# Count of distinct numbers in an Array in a range for Online Queries using Merge Sort Tree

• Last Updated : 26 May, 2022

Given an array arr[] of size N and Q queries of the form [L, R], the task is to find the number of distinct values in this array in the given range. Examples:

Input: arr[] = {4, 1, 9, 1, 3, 3}, Q = {{1, 3}, {1, 5}} Output: 3 4 Explanation: For query {1, 3}, elements are {4, 1, 9}. Therefore, count of distinct elements = 3 For query {1, 5}, elements are {4, 1, 9, 1, 3}. Therefore, count of distinct elements = 4 Input: arr[] = {4, 2, 1, 1, 4}, Q = {{2, 4}, {3, 5}} Output: 3 2

Naive Approach: A simple solution is that for every Query, iterate array from L to R and insert elements in a set. Finally, the Size of the set gives the number of distinct elements from L to R. Time Complexity: O(Q * N) Efficient Approach: The idea is to use Merge Sort Tree to solve this problem.

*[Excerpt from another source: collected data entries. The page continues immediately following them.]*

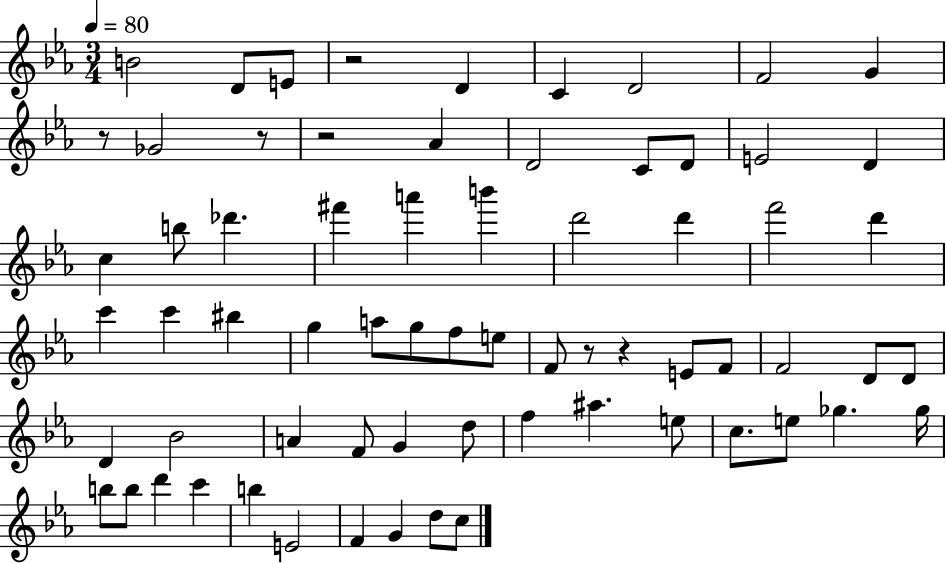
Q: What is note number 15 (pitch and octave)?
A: D4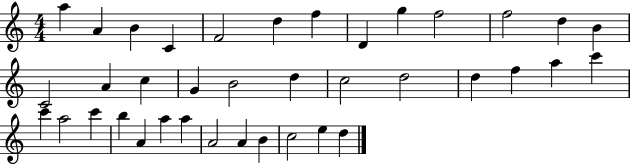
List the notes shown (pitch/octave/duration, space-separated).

A5/q A4/q B4/q C4/q F4/h D5/q F5/q D4/q G5/q F5/h F5/h D5/q B4/q C4/h A4/q C5/q G4/q B4/h D5/q C5/h D5/h D5/q F5/q A5/q C6/q C6/q A5/h C6/q B5/q A4/q A5/q A5/q A4/h A4/q B4/q C5/h E5/q D5/q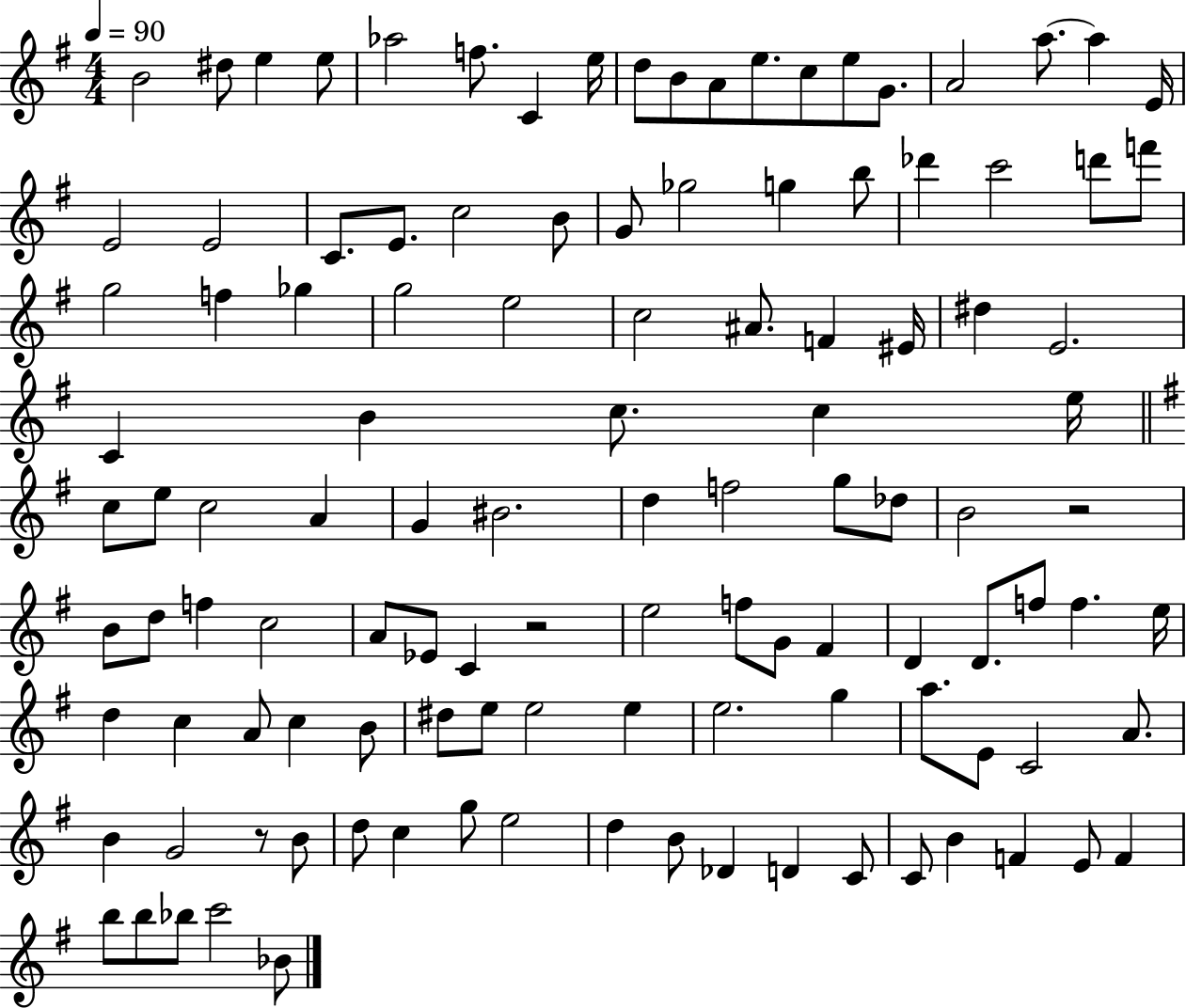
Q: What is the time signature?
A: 4/4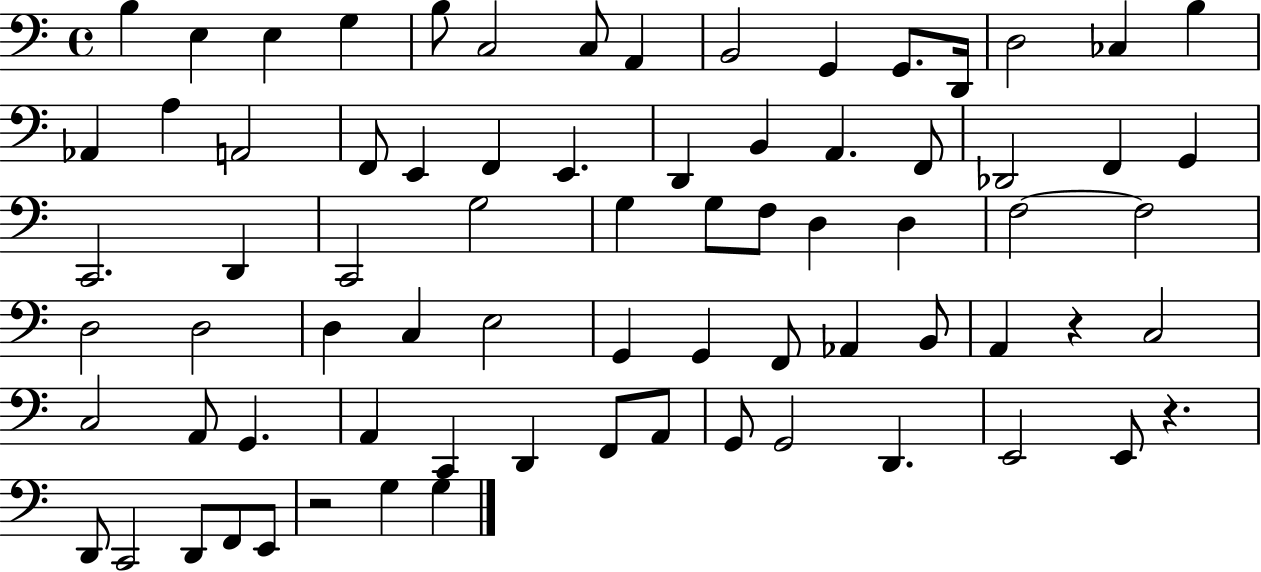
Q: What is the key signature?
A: C major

1. We will store the next occurrence of the element in a temporary array.
2. Then for every query from L to R, we will find the number of elements in the temporary array whose values are greater than R in range L to R.

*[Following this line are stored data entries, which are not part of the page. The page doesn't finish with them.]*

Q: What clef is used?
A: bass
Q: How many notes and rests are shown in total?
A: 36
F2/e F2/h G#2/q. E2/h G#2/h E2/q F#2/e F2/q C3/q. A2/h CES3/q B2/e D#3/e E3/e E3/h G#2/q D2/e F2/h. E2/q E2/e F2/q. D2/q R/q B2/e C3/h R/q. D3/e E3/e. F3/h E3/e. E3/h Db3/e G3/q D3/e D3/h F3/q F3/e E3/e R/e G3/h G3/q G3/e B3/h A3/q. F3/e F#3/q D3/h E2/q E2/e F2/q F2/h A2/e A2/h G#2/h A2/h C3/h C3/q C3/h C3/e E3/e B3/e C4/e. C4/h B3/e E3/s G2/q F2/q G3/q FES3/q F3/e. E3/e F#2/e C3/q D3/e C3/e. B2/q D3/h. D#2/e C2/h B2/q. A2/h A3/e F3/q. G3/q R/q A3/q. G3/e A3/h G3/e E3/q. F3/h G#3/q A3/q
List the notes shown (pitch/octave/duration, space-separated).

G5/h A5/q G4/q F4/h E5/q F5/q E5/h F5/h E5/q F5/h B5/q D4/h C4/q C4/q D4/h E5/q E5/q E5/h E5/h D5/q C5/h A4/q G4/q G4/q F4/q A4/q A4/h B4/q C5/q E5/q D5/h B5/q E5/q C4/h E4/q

Step 1: Take an array next_right, where next_right[i] holds the next right index of the number i in the array a. Initialize this array as N(length of the array). Step 2: Make a Merge Sort Tree from next_right array and make queries. Queries to calculate the number of distinct elements from L to R is equivalent to find the number of elements from L to R which are greater than R.

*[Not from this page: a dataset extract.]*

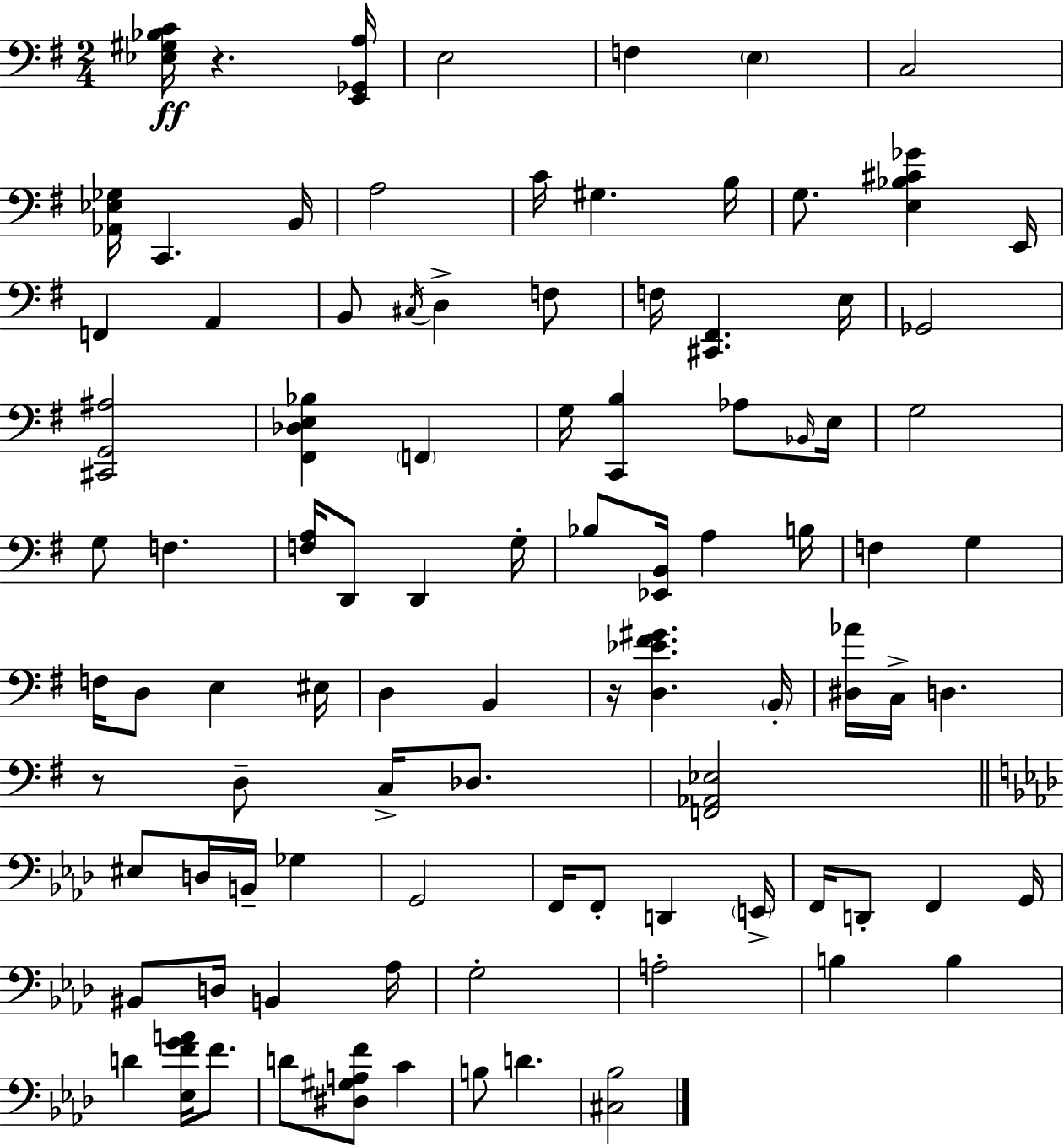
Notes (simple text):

[Eb3,G#3,Bb3,C4]/s R/q. [E2,Gb2,A3]/s E3/h F3/q E3/q C3/h [Ab2,Eb3,Gb3]/s C2/q. B2/s A3/h C4/s G#3/q. B3/s G3/e. [E3,Bb3,C#4,Gb4]/q E2/s F2/q A2/q B2/e C#3/s D3/q F3/e F3/s [C#2,F#2]/q. E3/s Gb2/h [C#2,G2,A#3]/h [F#2,Db3,E3,Bb3]/q F2/q G3/s [C2,B3]/q Ab3/e Bb2/s E3/s G3/h G3/e F3/q. [F3,A3]/s D2/e D2/q G3/s Bb3/e [Eb2,B2]/s A3/q B3/s F3/q G3/q F3/s D3/e E3/q EIS3/s D3/q B2/q R/s [D3,Eb4,F#4,G#4]/q. B2/s [D#3,Ab4]/s C3/s D3/q. R/e D3/e C3/s Db3/e. [F2,Ab2,Eb3]/h EIS3/e D3/s B2/s Gb3/q G2/h F2/s F2/e D2/q E2/s F2/s D2/e F2/q G2/s BIS2/e D3/s B2/q Ab3/s G3/h A3/h B3/q B3/q D4/q [Eb3,F4,G4,A4]/s F4/e. D4/e [D#3,G#3,A3,F4]/e C4/q B3/e D4/q. [C#3,Bb3]/h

Construction of Merge Sort Tree from given array

• We start with a segment arr[0 . . . n-1].
• Every time we divide the current segment into two halves if it has not yet become a segment of length 1. Then call the same procedure on both halves, and for each such segment, we store the sorted array in each segment as in merge sort.
• Also, the tree will be a Full Binary Tree because we always divide segments into two halves at every level.
• Since the constructed tree is always a full binary tree with n leaves, there will be N-1 internal nodes. So the total number of nodes will be 2*N – 1.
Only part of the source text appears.